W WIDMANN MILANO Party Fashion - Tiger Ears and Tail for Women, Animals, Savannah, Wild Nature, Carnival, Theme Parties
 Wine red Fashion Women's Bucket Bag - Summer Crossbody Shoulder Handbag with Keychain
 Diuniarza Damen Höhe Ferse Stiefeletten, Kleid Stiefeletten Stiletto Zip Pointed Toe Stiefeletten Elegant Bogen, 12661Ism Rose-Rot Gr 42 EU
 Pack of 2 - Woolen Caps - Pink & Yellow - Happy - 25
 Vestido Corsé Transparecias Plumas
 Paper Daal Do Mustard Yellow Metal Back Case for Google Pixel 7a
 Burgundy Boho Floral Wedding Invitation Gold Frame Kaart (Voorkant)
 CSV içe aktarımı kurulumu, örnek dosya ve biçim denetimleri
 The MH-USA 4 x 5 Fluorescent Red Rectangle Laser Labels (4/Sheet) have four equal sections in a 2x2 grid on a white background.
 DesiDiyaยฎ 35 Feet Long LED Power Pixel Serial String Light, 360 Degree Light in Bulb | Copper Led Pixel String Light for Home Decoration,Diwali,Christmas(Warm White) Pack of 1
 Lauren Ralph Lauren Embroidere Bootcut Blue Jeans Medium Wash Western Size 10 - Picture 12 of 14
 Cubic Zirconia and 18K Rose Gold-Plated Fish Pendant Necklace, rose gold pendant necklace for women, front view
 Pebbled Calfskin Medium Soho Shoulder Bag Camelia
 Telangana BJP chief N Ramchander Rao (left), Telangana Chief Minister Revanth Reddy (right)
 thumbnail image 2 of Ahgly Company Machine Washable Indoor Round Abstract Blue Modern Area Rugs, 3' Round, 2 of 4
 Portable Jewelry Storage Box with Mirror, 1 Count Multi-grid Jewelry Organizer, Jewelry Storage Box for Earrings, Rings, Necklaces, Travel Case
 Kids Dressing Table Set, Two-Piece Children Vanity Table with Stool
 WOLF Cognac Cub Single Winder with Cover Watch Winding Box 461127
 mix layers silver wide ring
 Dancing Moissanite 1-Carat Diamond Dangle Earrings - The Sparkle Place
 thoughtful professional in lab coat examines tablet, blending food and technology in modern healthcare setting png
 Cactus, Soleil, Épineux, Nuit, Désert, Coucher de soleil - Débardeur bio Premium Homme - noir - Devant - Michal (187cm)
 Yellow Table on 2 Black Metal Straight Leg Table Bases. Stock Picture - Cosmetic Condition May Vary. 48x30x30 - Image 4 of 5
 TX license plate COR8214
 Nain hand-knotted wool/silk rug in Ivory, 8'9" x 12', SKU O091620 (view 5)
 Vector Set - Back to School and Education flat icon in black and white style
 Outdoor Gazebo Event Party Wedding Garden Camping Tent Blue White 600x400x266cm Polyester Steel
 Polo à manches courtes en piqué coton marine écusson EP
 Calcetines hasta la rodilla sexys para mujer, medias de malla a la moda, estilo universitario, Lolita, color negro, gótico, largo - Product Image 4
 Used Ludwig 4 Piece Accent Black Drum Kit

- Task directions -
The records need to be reproduced in their entirety, word for word.

- Expected answer -
W WIDMANN MILANO Party Fashion - Tiger Ears and Tail for Women, Animals, Savannah, Wild Nature, Carnival, Theme Parties
 Wine red Fashion Women's Bucket Bag - Summer Crossbody Shoulder Handbag with Keychain
 Diuniarza Damen Höhe Ferse Stiefeletten, Kleid Stiefeletten Stiletto Zip Pointed Toe Stiefeletten Elegant Bogen, 12661Ism Rose-Rot Gr 42 EU
 Pack of 2 - Woolen Caps - Pink & Yellow - Happy - 25
 Vestido Corsé Transparecias Plumas
 Paper Daal Do Mustard Yellow Metal Back Case for Google Pixel 7a
 Burgundy Boho Floral Wedding Invitation Gold Frame Kaart (Voorkant)
 CSV içe aktarımı kurulumu, örnek dosya ve biçim denetimleri
 The MH-USA 4 x 5 Fluorescent Red Rectangle Laser Labels (4/Sheet) have four equal sections in a 2x2 grid on a white background.
 DesiDiyaยฎ 35 Feet Long LED Power Pixel Serial String Light, 360 Degree Light in Bulb | Copper Led Pixel String Light for Home Decoration,Diwali,Christmas(Warm White) Pack of 1
 Lauren Ralph Lauren Embroidere Bootcut Blue Jeans Medium Wash Western Size 10 - Picture 12 of 14
 Cubic Zirconia and 18K Rose Gold-Plated Fish Pendant Necklace, rose gold pendant necklace for women, front view
 Pebbled Calfskin Medium Soho Shoulder Bag Camelia
 Telangana BJP chief N Ramchander Rao (left), Telangana Chief Minister Revanth Reddy (right)
 thumbnail image 2 of Ahgly Company Machine Washable Indoor Round Abstract Blue Modern Area Rugs, 3' Round, 2 of 4
 Portable Jewelry Storage Box with Mirror, 1 Count Multi-grid Jewelry Organizer, Jewelry Storage Box for Earrings, Rings, Necklaces, Travel Case
 Kids Dressing Table Set, Two-Piece Children Vanity Table with Stool
 WOLF Cognac Cub Single Winder with Cover Watch Winding Box 461127
 mix layers silver wide ring
 Dancing Moissanite 1-Carat Diamond Dangle Earrings - The Sparkle Place
 thoughtful professional in lab coat examines tablet, blending food and technology in modern healthcare setting png
 Cactus, Soleil, Épineux, Nuit, Désert, Coucher de soleil - Débardeur bio Premium Homme - noir - Devant - Michal (187cm)
 Yellow Table on 2 Black Metal Straight Leg Table Bases. Stock Picture - Cosmetic Condition May Vary. 48x30x30 - Image 4 of 5
 TX license plate COR8214
 Nain hand-knotted wool/silk rug in Ivory, 8'9" x 12', SKU O091620 (view 5)
 Vector Set - Back to School and Education flat icon in black and white style
 Outdoor Gazebo Event Party Wedding Garden Camping Tent Blue White 600x400x266cm Polyester Steel
 Polo à manches courtes en piqué coton marine écusson EP
 Calcetines hasta la rodilla sexys para mujer, medias de malla a la moda, estilo universitario, Lolita, color negro, gótico, largo - Product Image 4
 Used Ludwig 4 Piece Accent Black Drum Kit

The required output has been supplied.